Prince Harry appears to take another jab at Royal family
Prince Harry has claimed he did not have a support network after his return from serving in Afghanistan in another apparent swipe at the Royal Family.
The Duke of Sussex made the comments in his new Heart Of Invictus series which was launched on Netflix today.
The five-part documentary features Prince Harry with his wife Meghan Markle appearing only briefly in several scenes to support him.
In the series, Harry also disclosed that he was not aware of the trauma he still had from his mother Princess Diana dying in Paris in August 1997 when he was aged just 12.
Prince Harry said that when he returned from war in 2008, the ‘biggest struggle for me was no one around me really could help’, adding: ‘I didn’t have that support structure, that network or that expert advice to identify what was actually going on with me.’
He also told the show: ‘Unfortunately, like most of us, the first time you consider therapy is when you are lying on the floor in the foetal position probably wishing you had dealt with some of this stuff previously. And that’s what I really want to change.’
In the Sussexes’ latest project as part of their £80million deal with Netflix, Harry introduces himself as a father of two, dog owner and husband.
The Duke of Sussex is asked by an interviewer: ‘What’s your name?’, and he replies: ‘My name’s Harry.’ The interviewer then says: ‘What do you do, Harry?’
He replies: ‘What do I do? On any given day? I’m a dad of two under-three-year-olds, got a couple of dogs, husband, I’m founding patron of Invictus Games Foundation. There’s lots of hats that one wears, but I believe today is all about Invictus.’
Also in the documentary, Harry and Meghan were seen in a private moment together before a speech at the Salute to Freedom Gala for military veterans in New York in November 2021, in which the duke can be heard confiding in the duchess about his nerves.
Harry is heard saying: ‘We haven’t done this for a while… My heart [is] like “digidigadigadiga”‘. He paces around nervously backstage.
He also spoke in a segment about post-traumatic stress disorder (PTSD) and trauma in warzones, giving insight into his own experiences.
He says: ‘Look, I can only speak to my own experience but from my tour of Afghanistan in 2012, flying Apaches, somewhere after that there was an unravelling.
‘And the trigger for me was actually returning from Afghanistan but the stuff that was coming up was from 1997 from the age of 12. Losing my mum at such a young age, the trauma I had I was never aware of.
‘It was never discussed and I didn’t really talk about it and I suppressed it like most other youngsters would have done.
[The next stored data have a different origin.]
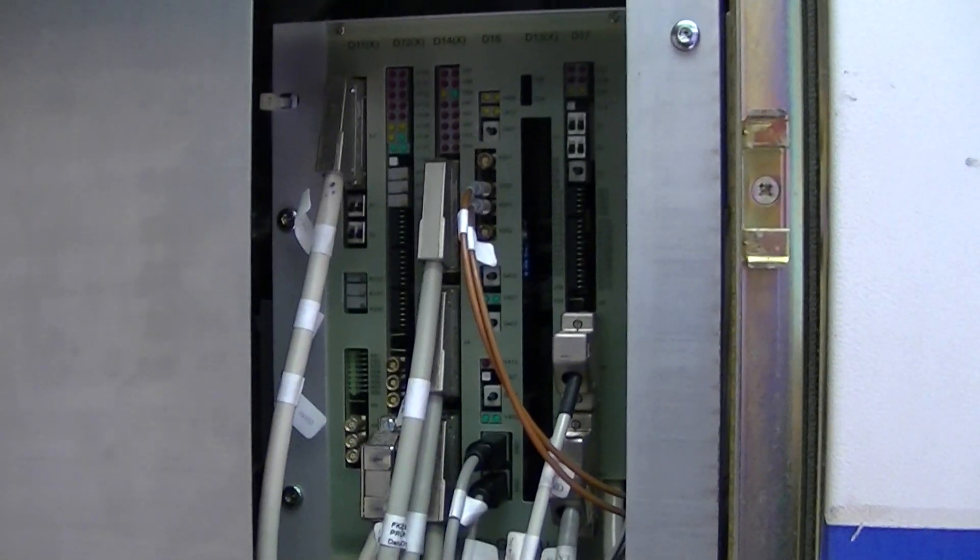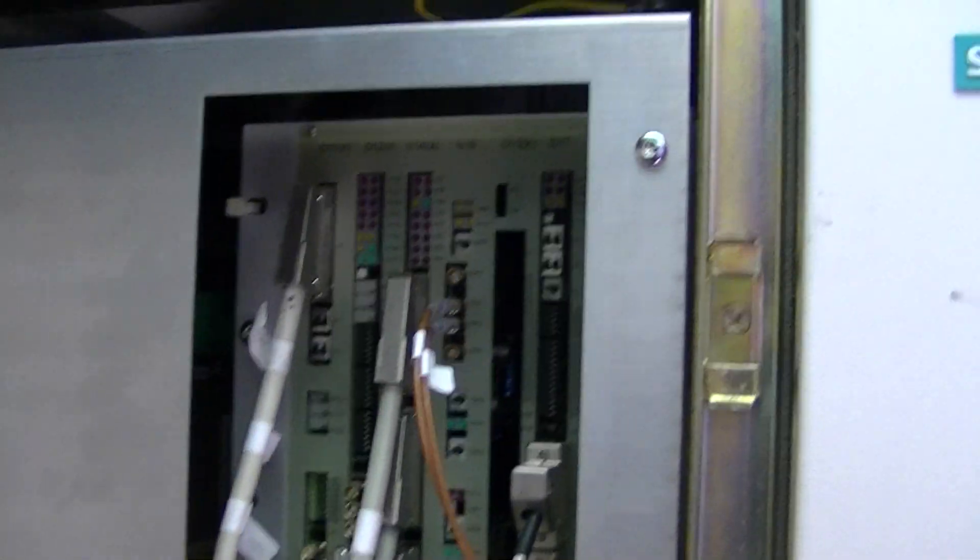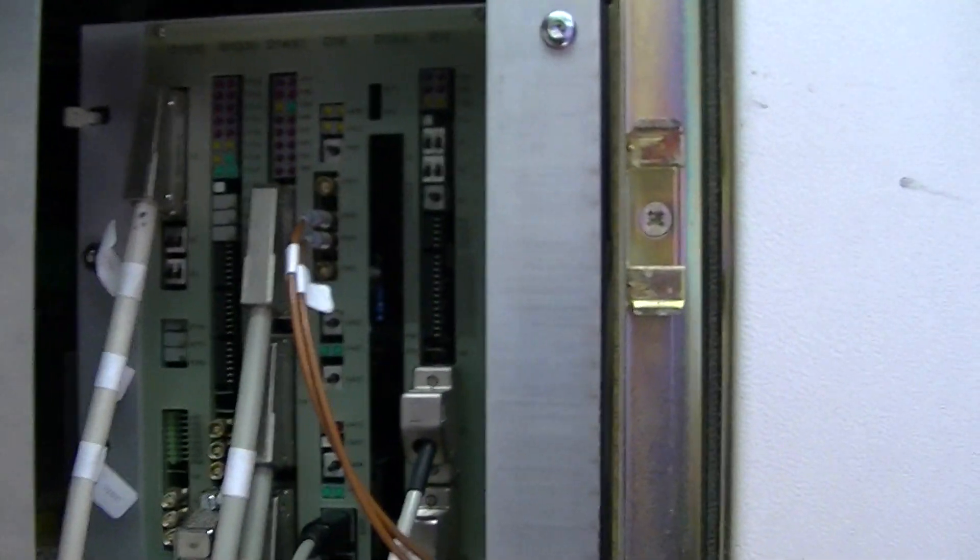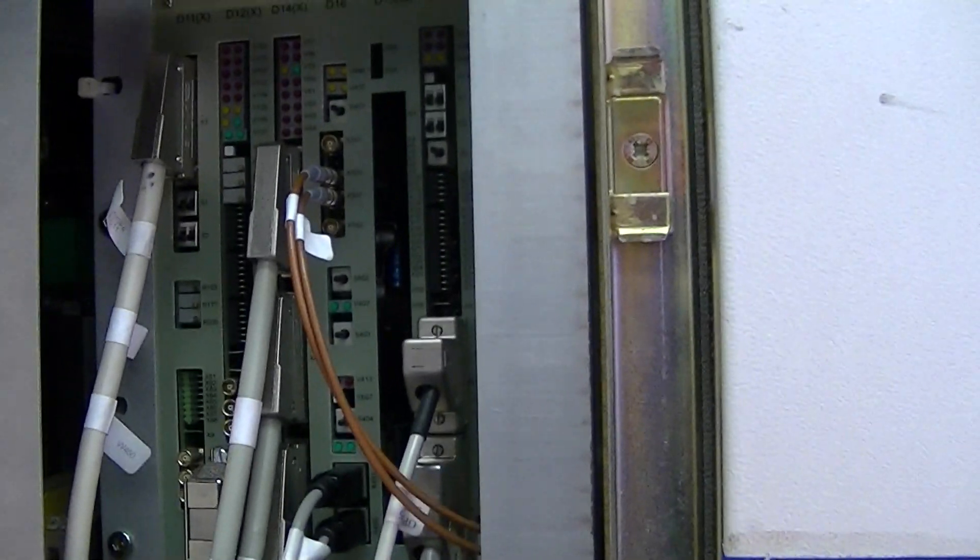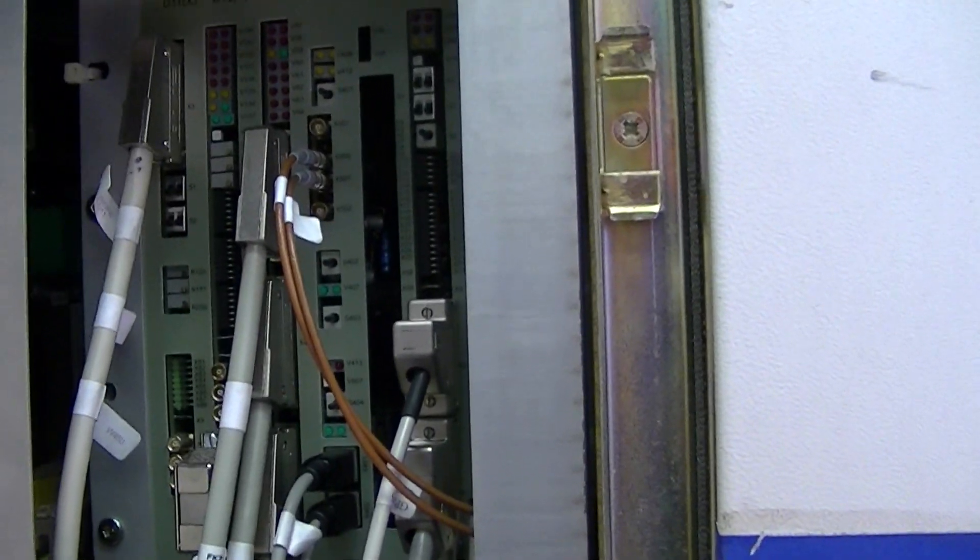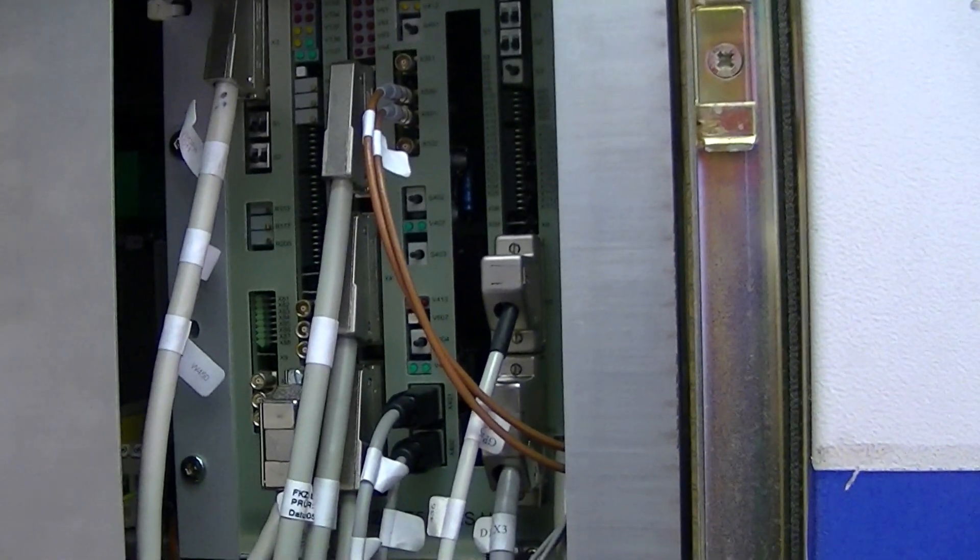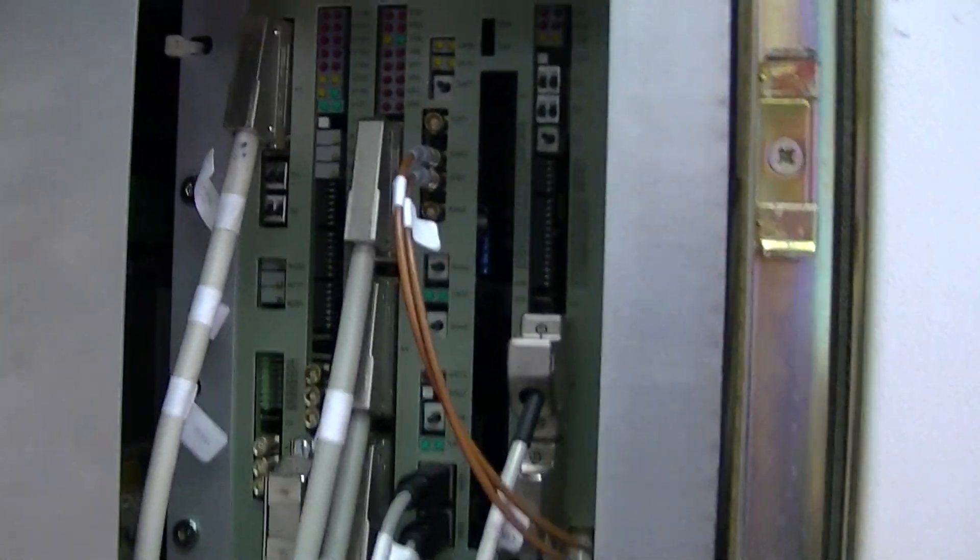You have the gradient small signal unit. This is what converts all of the information that comes from the host computer via the MPCU over to the controls to set up your scan parameters for gradient.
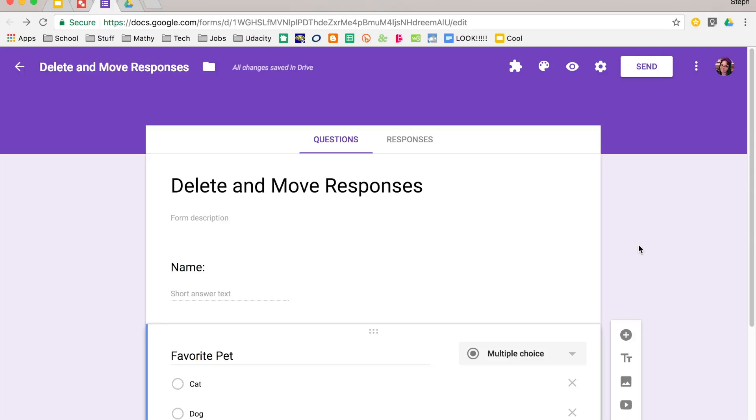In this video, I wanted to show you some of the options that you have with deleting and moving the destination of responses to your forms.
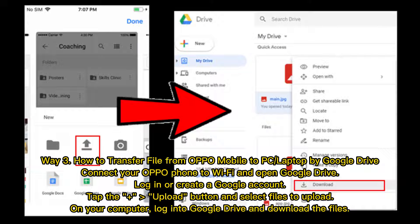Way 3: How to transfer files from Oppo mobile to PC or laptop by Google Drive. Connect your Oppo phone to Wi-Fi and open Google Drive. Log in or create a Google account. Tap the plus upload button and select files to upload. On your computer, log in to Google Drive and download the files.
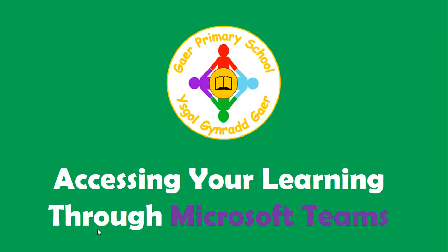Hello Pau, Mr. Coles here and in this video I will show you how to access your learning through Microsoft Teams. Your teacher may set you some learning online and this is how you will be able to access it, complete it and return it to your class teacher.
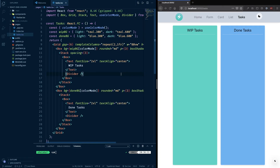Welcome back to lesson number two. In this lesson we are starting to build the task card — the card that's actually going to show up. This lesson is going to be good to show you how to use Chakra UI and how simple and enjoyable it is, because it exposes all of the main CSS stuff as props, which makes working with it really cool.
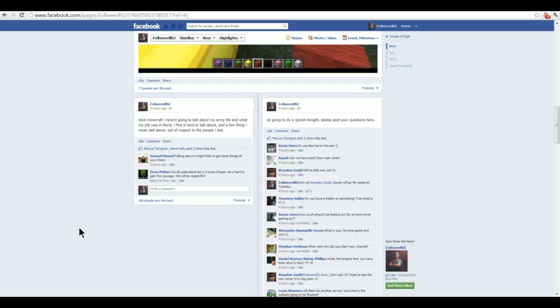When and why did you start your channel? I started my channel, this original evil weevil02 before it was obviously closed down, that was 2006 when I started that channel.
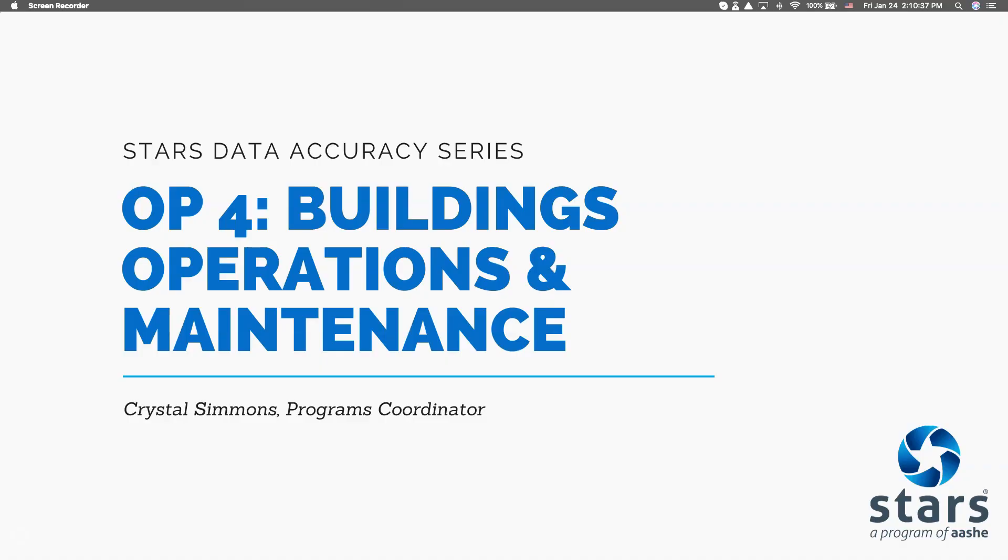Hi, my name is Crystal Simmons and I'm a Programs Coordinator for the Association for the Advancement of Sustainability in Higher Education, or AASHE for short. This video is part of a series where AASHE staff highlight tips and resources for submitting high-quality data for credits in the latest version of the Sustainability Tracking Assessment and Rating System, which is STARS version 2.2.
When it all came fizzing out, I was bouncing off the walls – what is going on here? – I am now feeling everything instead of being young.
‘The biggest struggle for me was no one around me really could help. I didn’t have that support structure, that network or that expert advice to identify what was actually going on with me.
‘Unfortunately, like most of us, the first time you consider therapy is when you are lying on the floor in the foetal position probably wishing you had dealt with some of this stuff previously. And that’s what I really want to change.’
Harry also speaks about trauma to Canadian indoor rower Darrell Ling, who tells him: ‘I’m glad you’ve been through this stuff and know how we feel.’
The duke then says: ‘I can’t pretend to know what you’ve been through, but I had that moment in my life where I didn’t know about it but because of the trauma of losing my mum when I was 12, for all those years, I had no emotion, I was unable to cry, I was unable to feel.
‘I didn’t know it at the time. And it wasn’t until later in my life aged 28 there was a circumstance that happened that the first few bubbles started coming out and then suddenly it was like someone shook and it went “poof” – and then it was chaos.
‘My emotions were sprayed all over the wall everywhere I went and I was like “how the hell do I contain this?”. I’ve gone from nothing to everything and I now need to get a glass jar and put myself in it, put myself in it, leave the lid open and my therapist said “you choose what comes in and everything else bounces off”.’
Army veteran Harry – who undertook two tours of Afghanistan, with one from 2007 to 2008 and the other from 2012 to 2013 – also discusses how he never wanted to serve in the Armed Forces after he had children.
The Duke, who is father to Prince Archie and Princess Lilibet, tells former Invictus competitors JJ Chalmers and David Wiseman during a hike: ‘I’ve always had myself down as being the dad that I could never be serving while having kids. And you both did, right? It’s never the individual signing up – it’s the whole family signing up.’